House debates
Thursday, 24 February 2011
Appropriation Bill (No. 3) 2010-2011; Appropriation Bill (No. 4) 2010-2011
Second Reading
11:03 am
Dan Tehan (Wannon, Liberal Party) Share this | Hansard source
I appreciate the opportunity to speak on the Appropriation Bill (No. 3) 2010-2011 and cognate bill, although, sadly, what I am going to have to say will not fill the Australian people with joy. What we are seeing from the Gillard government are overruns on so many programs and such waste that one wonders about the long-term future of the country, unless the government can stop behaving in such a reckless manner.

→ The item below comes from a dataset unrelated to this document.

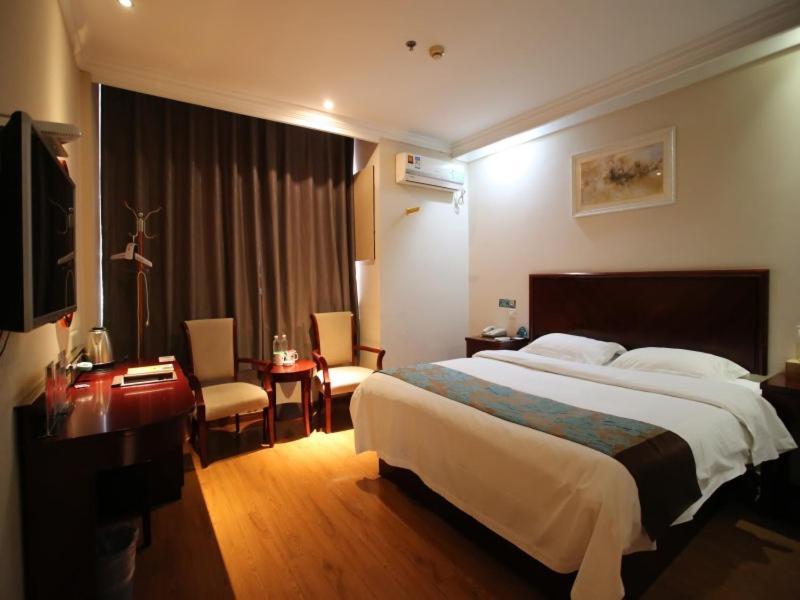 Greentree Inn Jiangsu Wuxi Yangjian Xihu Road Express Hotel Ngoại thất bức ảnh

Recently we have seen a $2 billion tax for the flood levy. The government started by asking the Australian people and Australian businesses to contribute to the flood and also to the cyclone damage. Then, after the Australian people through hard work had given dollars, they found themselves whacked with a levy on top of that, which will not do anything to help people continue the volunteer effort, if all their efforts are just going to end up with the government just coming over the top and taxing them.
One of the great things about this country is the volunteer spirit and contribution we have, and I think that is something that we need to protect and cherish. If the government had stuck with its budget six months ago the levy would not have been necessary. This tax, which came on top of such a great volunteer effort, would not have been necessary.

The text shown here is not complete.